-- SUPPLIED INFORMATION follows --

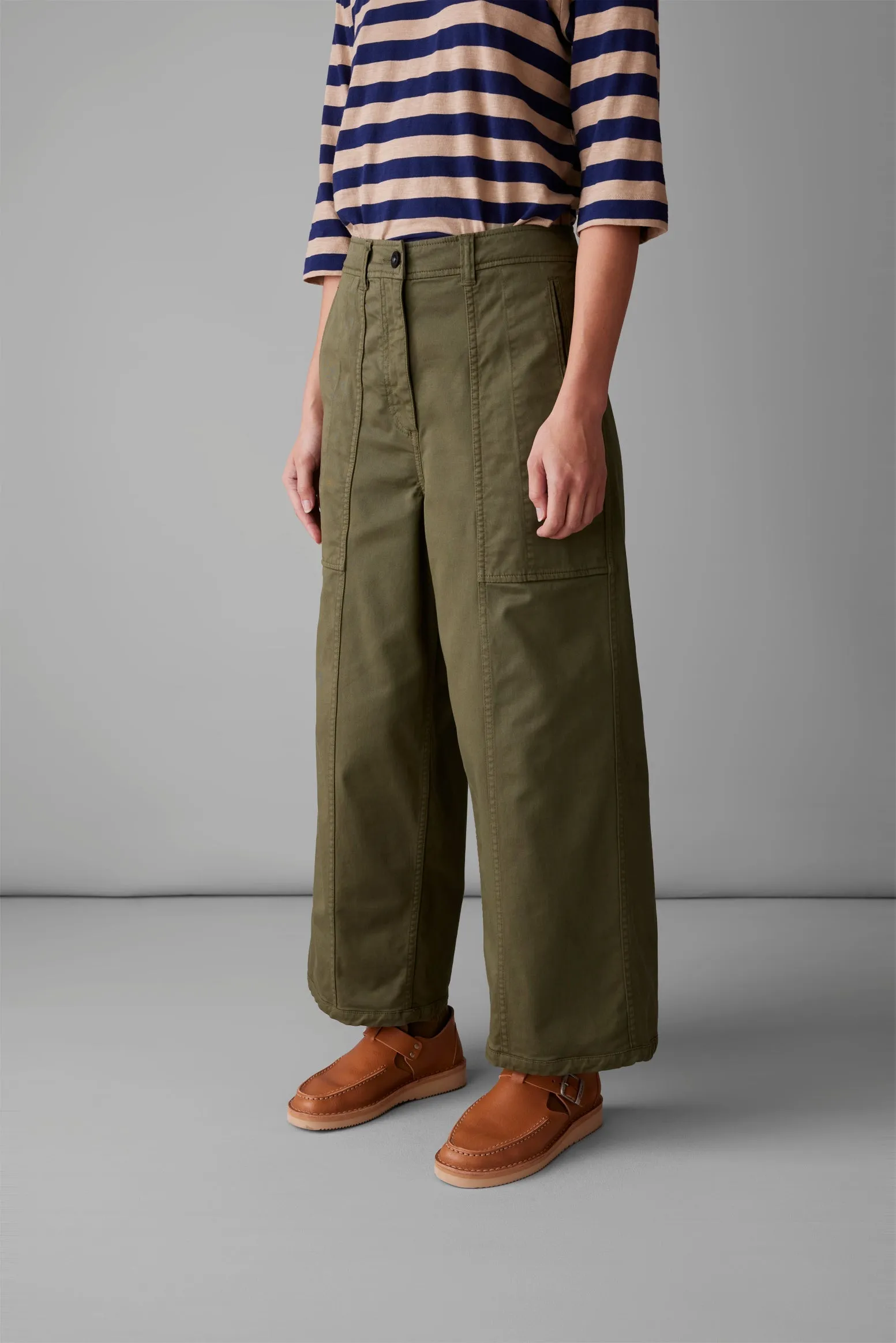 Panelled Cotton Twill Trousers | Oil Cloth sold by TOAST product image thumbnail 3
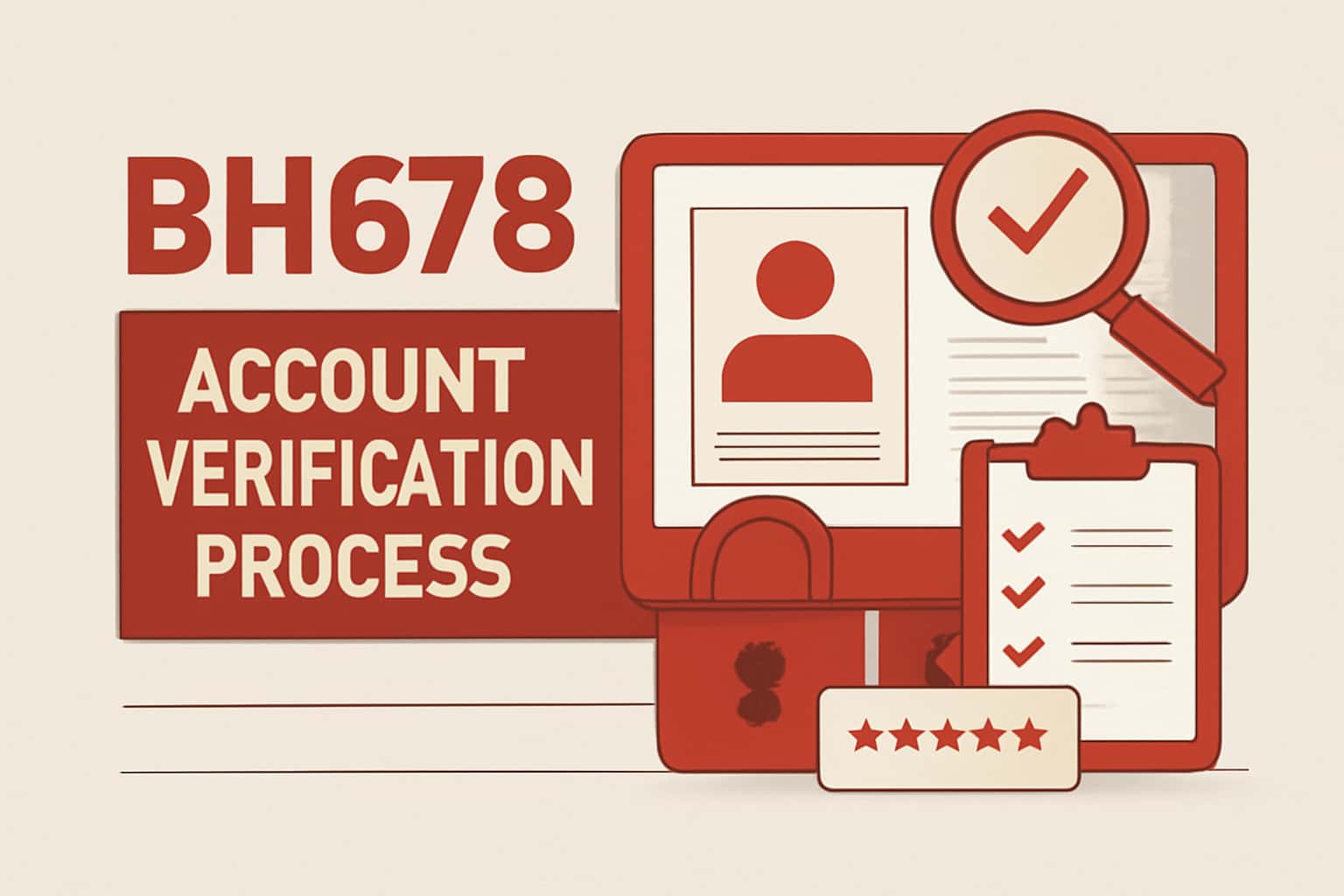 A visual representation of the BH678 Account Verification Process, depicting security and user validation.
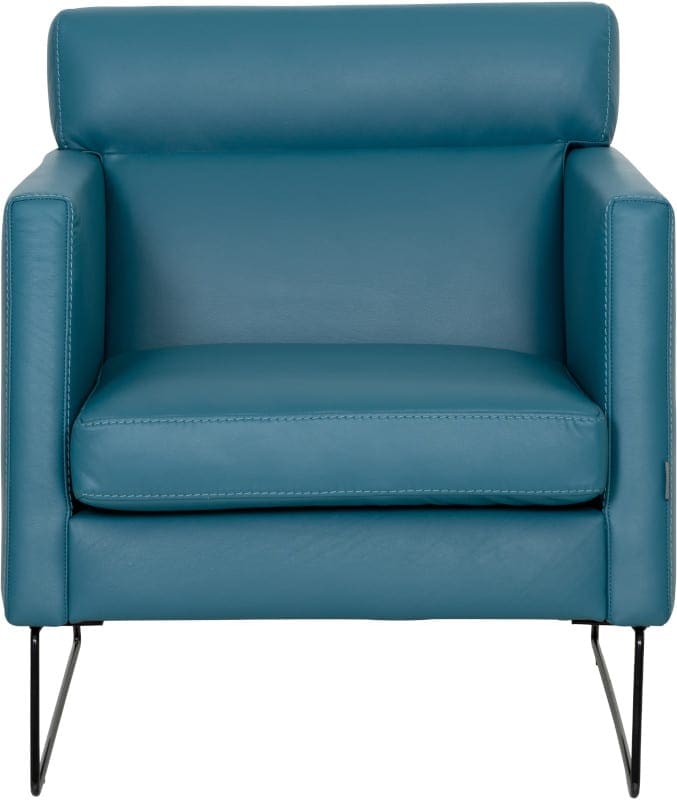 Degano fauteuil in leder Sauvage turquoise - Furninova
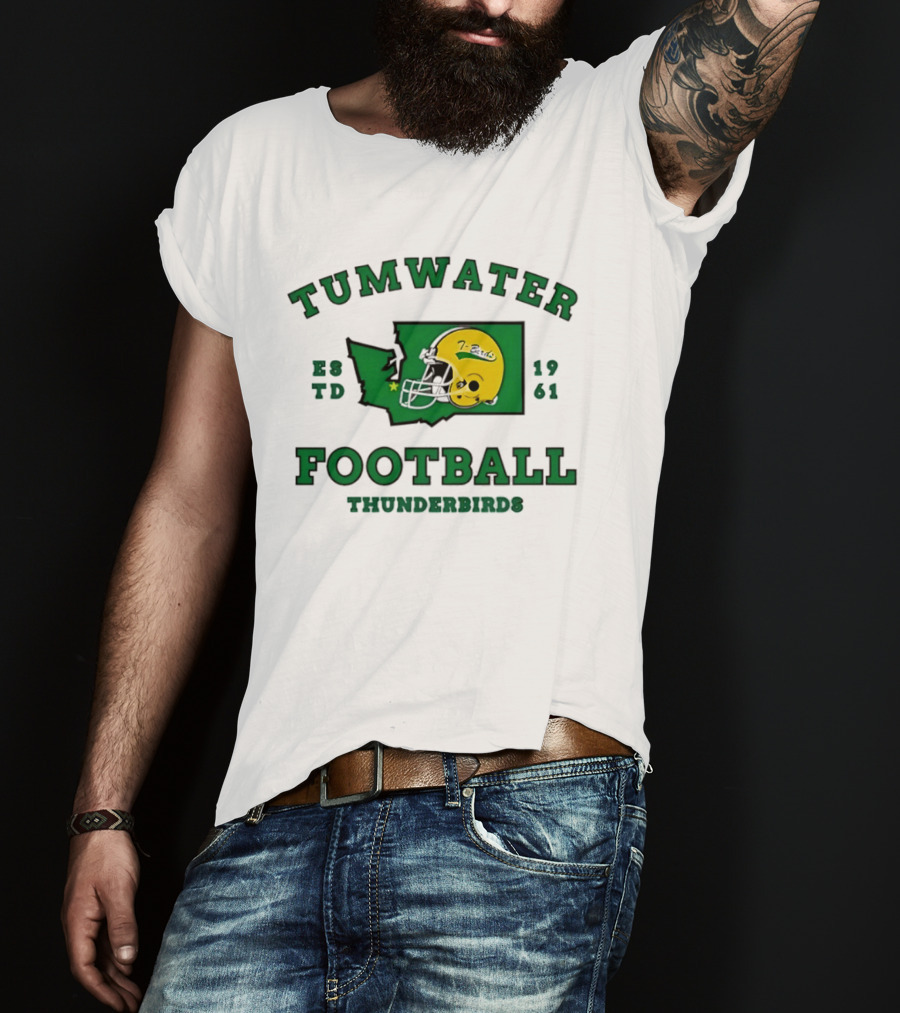 Tumwater Football Thunderbirds 1961 Estd Helmet And Washington State T-Shirt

-- SUPPLIED INFORMATION concluded --

=== ACTION ITEM ===
Every line above is to be reproduced verbatim, and the pictures are to be omitted.

=== EXPECTED ANSWER ===
 Panelled Cotton Twill Trousers | Oil Cloth sold by TOAST product image thumbnail 3
 A visual representation of the BH678 Account Verification Process, depicting security and user validation.
 Degano fauteuil in leder Sauvage turquoise - Furninova
 Tumwater Football Thunderbirds 1961 Estd Helmet And Washington State T-Shirt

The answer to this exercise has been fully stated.